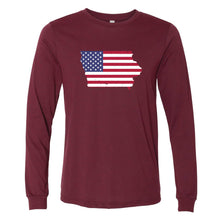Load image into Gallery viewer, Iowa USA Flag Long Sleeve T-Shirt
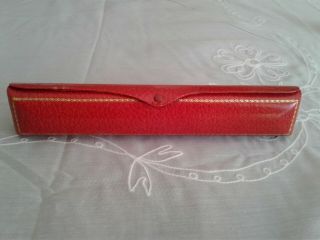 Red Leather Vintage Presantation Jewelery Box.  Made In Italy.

...

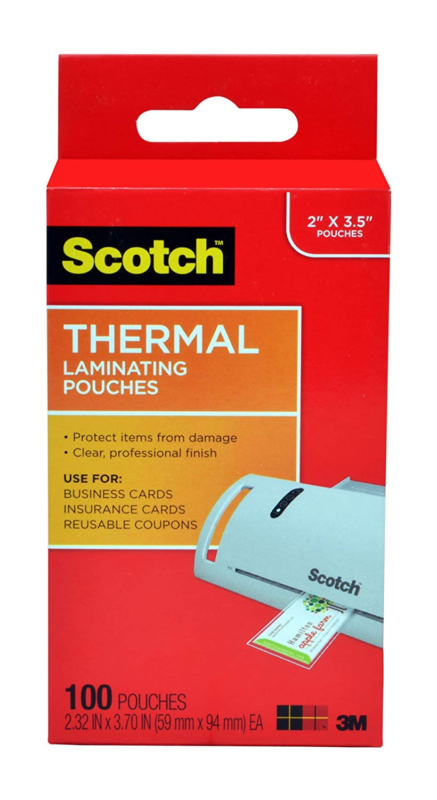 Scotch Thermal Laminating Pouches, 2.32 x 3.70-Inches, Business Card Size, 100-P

■ **Assignment**
Look through the listing above for the line with "Load image into" and the line with "Red Leather Vintage". Write out exactly those lines and everything between, leaving out pictures.

■ **Your response**
Load image into Gallery viewer, Iowa USA Flag Long Sleeve T-Shirt
 Red Leather Vintage Presantation Jewelery Box.  Made In Italy.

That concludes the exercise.